## Exercise goal
Any pictures in the records below must be left out when you repeat the lines from the line containing "SC license plate OFP337" through the line containing "Tapis Traditionnel Lux" exactly.

[Records shown — start]

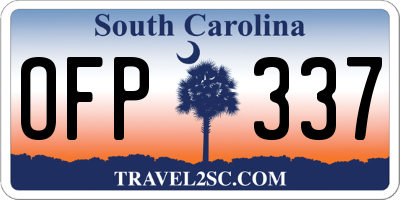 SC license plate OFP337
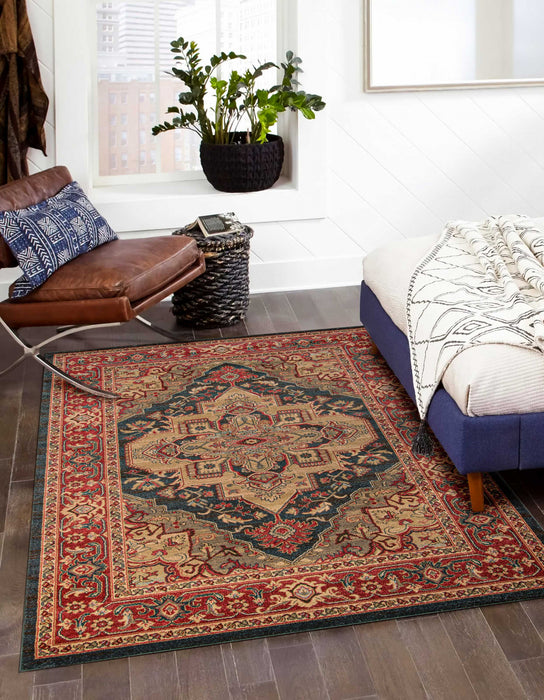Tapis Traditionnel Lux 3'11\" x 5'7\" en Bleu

[Records shown — finish]
[Records shown — start]

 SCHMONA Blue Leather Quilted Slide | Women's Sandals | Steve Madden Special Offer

[Records shown — finish]
[Records shown — start]

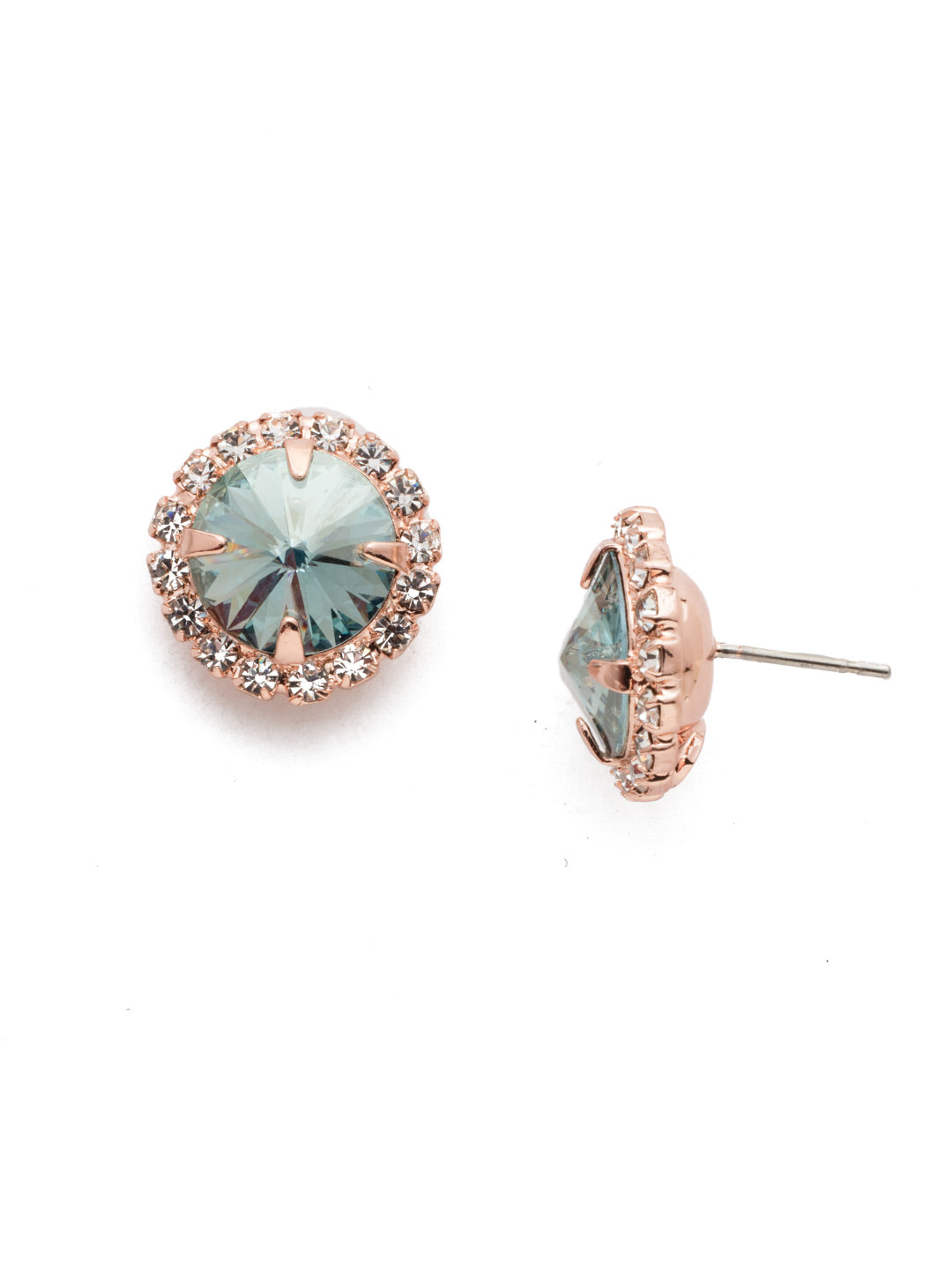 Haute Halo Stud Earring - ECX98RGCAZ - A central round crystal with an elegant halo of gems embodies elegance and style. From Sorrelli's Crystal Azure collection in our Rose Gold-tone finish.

[Records shown — finish]

## Problem solution
 SC license plate OFP337
Tapis Traditionnel Lux 3'11\" x 5'7\" en Bleu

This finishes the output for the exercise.